Most recently I have found myself gravitating toward the theme of brokenness. What do wise people have to say about those uncomfortable and disorienting times when we come face to face with our frailty, our fallenness, and our limits? Frederick Buechner’s insight in The Sacred Journey: A Memoir of Early Days has grabbed me this week. Buechner writes,
But when it comes to putting broken lives back together … the human best tends to be at odds with the holy best. To do for yourself the best you have it in you to do — to grit your teeth and clench your fists in order to survive the world at its harshest and worst — is, by that very act, to be unable to let something be done for you and in you that is more wonderful still. The trouble with steeling yourself against the harshness of reality is that the same steel that secures your life against being destroyed secures your life also against being opened up and transformed by the holy power that life itself comes from. You can survive on your own. You can grow strong on your own. You can even prevail on your own. But you cannot become human on your own.

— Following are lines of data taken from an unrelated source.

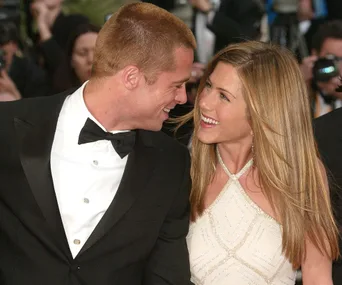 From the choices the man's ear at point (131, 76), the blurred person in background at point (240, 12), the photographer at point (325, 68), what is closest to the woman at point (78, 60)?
the blurred person in background at point (240, 12)

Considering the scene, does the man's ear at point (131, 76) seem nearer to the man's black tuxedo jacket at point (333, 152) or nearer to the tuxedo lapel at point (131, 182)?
the tuxedo lapel at point (131, 182)

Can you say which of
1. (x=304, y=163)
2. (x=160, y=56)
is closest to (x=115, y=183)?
(x=160, y=56)

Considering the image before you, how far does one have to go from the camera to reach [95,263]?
2957mm

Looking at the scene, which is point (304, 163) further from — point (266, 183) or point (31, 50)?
point (31, 50)

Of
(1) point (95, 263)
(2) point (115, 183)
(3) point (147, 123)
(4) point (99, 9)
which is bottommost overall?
(4) point (99, 9)

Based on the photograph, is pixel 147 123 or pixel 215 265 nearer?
pixel 147 123

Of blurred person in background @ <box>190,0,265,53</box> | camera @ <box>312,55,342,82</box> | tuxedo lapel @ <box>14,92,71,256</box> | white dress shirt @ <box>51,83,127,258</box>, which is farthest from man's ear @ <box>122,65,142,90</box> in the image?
blurred person in background @ <box>190,0,265,53</box>

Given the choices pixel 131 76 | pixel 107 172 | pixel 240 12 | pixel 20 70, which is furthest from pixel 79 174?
pixel 20 70

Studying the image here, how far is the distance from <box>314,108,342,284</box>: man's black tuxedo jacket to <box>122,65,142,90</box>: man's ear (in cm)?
100

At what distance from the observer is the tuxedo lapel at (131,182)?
2916mm

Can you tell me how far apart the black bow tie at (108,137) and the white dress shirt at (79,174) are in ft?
0.13

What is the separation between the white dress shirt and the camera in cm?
293

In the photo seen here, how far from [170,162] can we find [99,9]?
3669 mm

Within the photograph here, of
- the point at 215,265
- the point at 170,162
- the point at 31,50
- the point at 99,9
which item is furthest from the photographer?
the point at 31,50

Amidst the many transitions and troubles of our lives Lord, let us be open to your invitation to go deeper and discover the radical difference between our human best and your holy best. You are our hiding place (Psalm 32:6-7).
So here are the questions I have been asking myself:
• In all honesty, how much of my “Christian” life is really more of an exercise in gritting my teeth and clenching my fists than in opening myself up to the Spirit and to others?
• Where is the Spirit asking me to lower my defenses and trust his good and wise leadership in my life?